Perdí el tiempo. Recibí noticias inesperadas de parte de conocidos inesperados. No pude creer que esa mujer tan bonita estuviera "in a relationship" con ese tipo tan desagradable. Me dio un par de veces esa ansiedad que se pasa siempre al otro día. Me sentí fuera de sitio. Me morí de la risa. Me avergoncé de mi foto dos veces, pero siempre la preferí a esas en las que la gente sale con el esposo o los hijos o en vestido de baño (la gente es arrogante) para decir que su vida sí funciona. Me dieron ganas de llorar por las cosas que se van. Di las gracias por las cosas que vuelven, por las cosas que comienzan y por las cosas que ya vendrán. Confirmé que, mientras estuvo vivo, fundé una familia firme con mi mejor amigo. Recibí conmovedores regalos de cumpleaños. Y mi muro (el muro, aclaro, en el que se le puede escribir a cualquier personaje registrado en Facebook) se llenó de mensajes emocionantes.
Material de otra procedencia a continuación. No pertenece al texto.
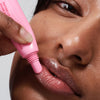 model applying peptide lip tint in jelly bean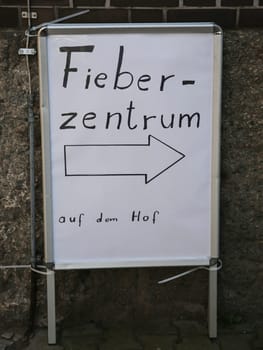 Signpost to the fever center in the courtyard during the corona virus pandemic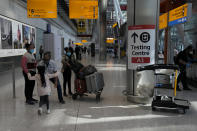 Passengers are greeted by a child as they arrive at Terminal 5 of Heathrow Airport in London, Monday, Aug. 2, 2021. Travelers fully vaccinated against coronavirus from the United States and much of Europe were able to enter Britain without quarantining starting today, a move welcomed by Britain's ailing travel industry. (AP Photo/Matt Dunham)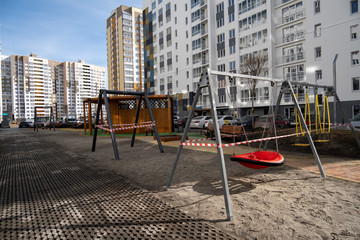 cordoned off swings on a playground in time of coronavirus quarantine - Tyumen, Russia, March 31,...
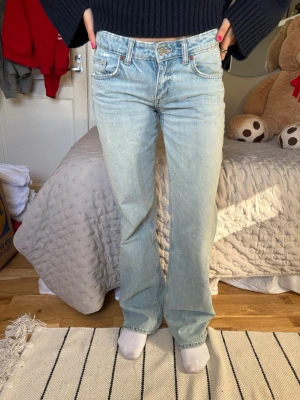 Ljusblå bootcut jeans  - Säljer ett par ljusblå bootcut jeans från Zara med klassisk femficksdesign och normal midja. Jeansen har en avslappnad passform genom benet och är tillverkade i denim. Perfekta för en casual och trendig look.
La verdad es que me divertí. Pero que divertirse es, según el diccionario, salirse del camino. Y que por eso he decidido que hoy, en unas horas, voy a cerrar mi página de un solo golpe. Ya me entretuve. Ya pasó. Como dijo la actriz Clara Blandick en su optimista nota de suicidio: "Ahora voy a empezar la gran aventura".
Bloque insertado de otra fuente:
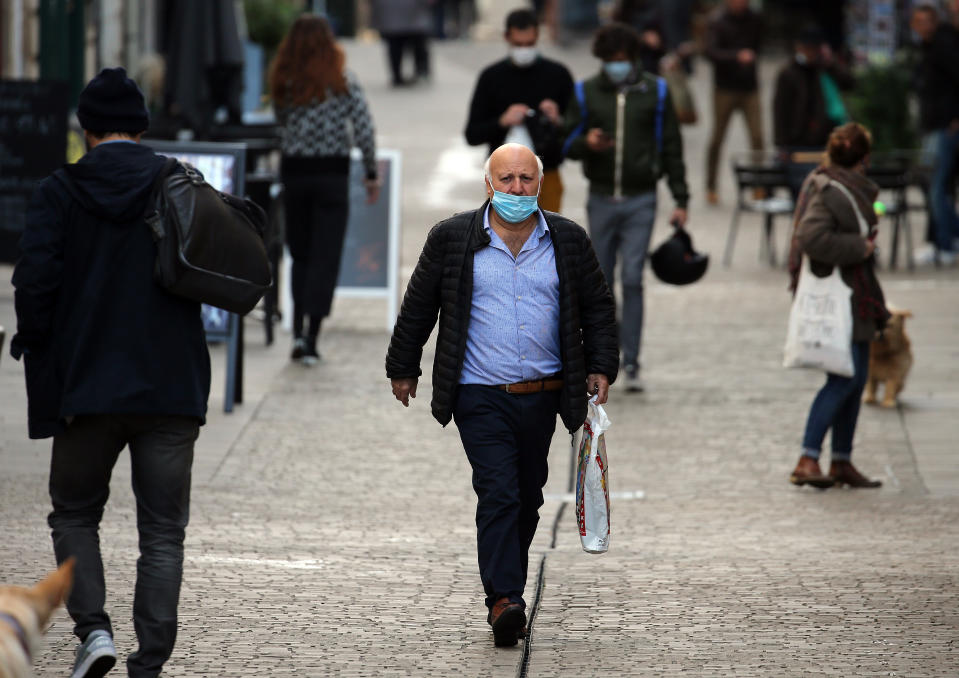 People wearing masks walk the streets of Bayonne, southwestern France, Friday, Oct. 16, 2020. France registered more than 30,000 virus cases Thursday, its highest single-day jump since the pandemic began, and nearly 200 cases per 100,000 people over the past week. (AP Photo/Bob Edme)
Desde esta mañana hasta esta noche, como una persona que sabe que le quedan pocas horas de vida, hice todo lo que nunca me atreví a hacer en Facebook: mandé zombis, creé vampiros, puse apodos injustos, me metí al grupo de los hinchas de SoHo (que algún sapo reporta a los censores del website por tener viejas sin ropa) por enésima vez, acepté tener citas de Seinfeld ("recuerda: no es mentira si te lo crees") en un rincón de mi página, dediqué la canción de la ventana en el corazón, cultivé jardines, alimenté acuarios, jugué Tetris, comenté fotografías de viejas borrachas en la playa, escribí "¿qué será de la vida del gordo Iglesias?" en el muro de una amiga, jugué Pacman, colgué un video en blanco y negro, puse de estatus "Ricardo is dead…", quedé de primero en un quiz sobre las películas de Disney, busqué a todos los famosos que pude y (ver recuadros sobre estas experiencias) perseguí todas las curiosidades que alcancé a perseguir, leí mi horóscopo, y recibí un apropiado arcano mayor, La muerte, apenas acepté que me saliera una carta del tarot todos los días en la parte de abajo de mi sitio. En fin. Creo que alcancé a hacerlo todo.
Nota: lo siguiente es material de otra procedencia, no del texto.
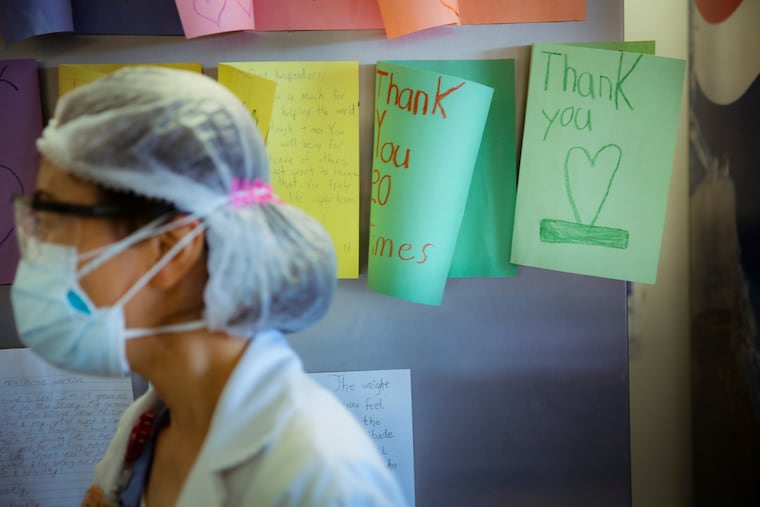 In this May 29 photo, letters of thanks from students adorn the walls of a break room that was set up for workers to decompress from the stresses of caring for COVID-19 patients at Elmhurst Hospital, in New York.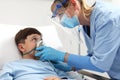 nurse puts oxygen mask on patient child in hospital bed, wearing protective visor mask, corona virus covid 19 protection concept, Royalty Free Stock Photo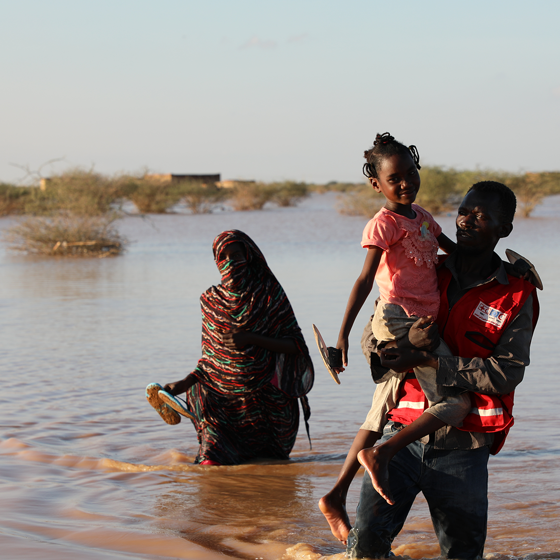Röda kors-frivillig bär barn genom vatten.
Y no me arrepiento de haber pasado por aquí. De verdad creo que es una entretención de primera. En serio pienso que puede ser muy útil si se quiere dar una noticia. Acabo de leer, por ejemplo, que se ha vuelto costumbre que la gente que muere (la gente es frágil) reciba en su muro la triste despedida de los amigos de Facebook que tuvo en vida. Pero yo me voy ya. De una vez. Ya solo quedan tres minutos para las doce de la noche. Quedan dos. Queda uno. Y sé bien que no fui hecho para pasar mucho tiempo en estas cosas. Quédense con mis amigos si quieren. Quédense con mis puntos en los juegos. Yo lo siento de verdad. Siento haber involucrado a tantas personas en este asunto. Pero créanme que me quedaría si pudiera hacerlo. La gente es efímera. Y a esta hora la gran verdad es que uno hace parte de ese grupo: la gente. Y que quedan seis segundos para hacer el clic final. Cinco, cuatro, tres, dos, uno. Hecho.